CUNYSPS DATA624 Presentation
Jonathan Hernandez
This presentation will about Linear Regression and it’s alternatives like partial least squares and Penalized regression models. I will go over each one in detail starting with
Linear Regression is one of the most basic tools a Data Scientist or Analyst can use for analyzing data. It is also used as a prerequiste for other advanced regression and machine learning techniques.

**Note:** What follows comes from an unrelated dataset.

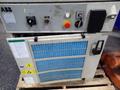 ABB ROBOT  -  IRB2400 M98A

In its general form it is the formula
\[ \begin{align} y_i = b_0 +b_1x_{i1} + b_2x_{i2} + ... + b_px_{iP} + \epsilon_i \tag{1} \end{align} \]
where
When performing linear regression, the goal is to find coefficients that minimize the sum-of-squared errors (SSE) between the actual value of the response and the predicted response.
The (SSE) is defined as the following
\[ \begin{align} SSE = \sum_{i=1}^n (y_i - \hat{y_i})^2 \tag{1} \end{align} \]
This equation contains the coefficient estimates for each predictor in a vector.
It can be shown that the coefficients that minimize the SSE is the matrix equation (Note this would involve a combination of Matrix Algebra and Solving a system of partial derivatives to derive). There is a problem with this solution which will be addressed later in the presentation.
\[ \begin{align} (X^TX)^{-1}X^Ty \end{align} \]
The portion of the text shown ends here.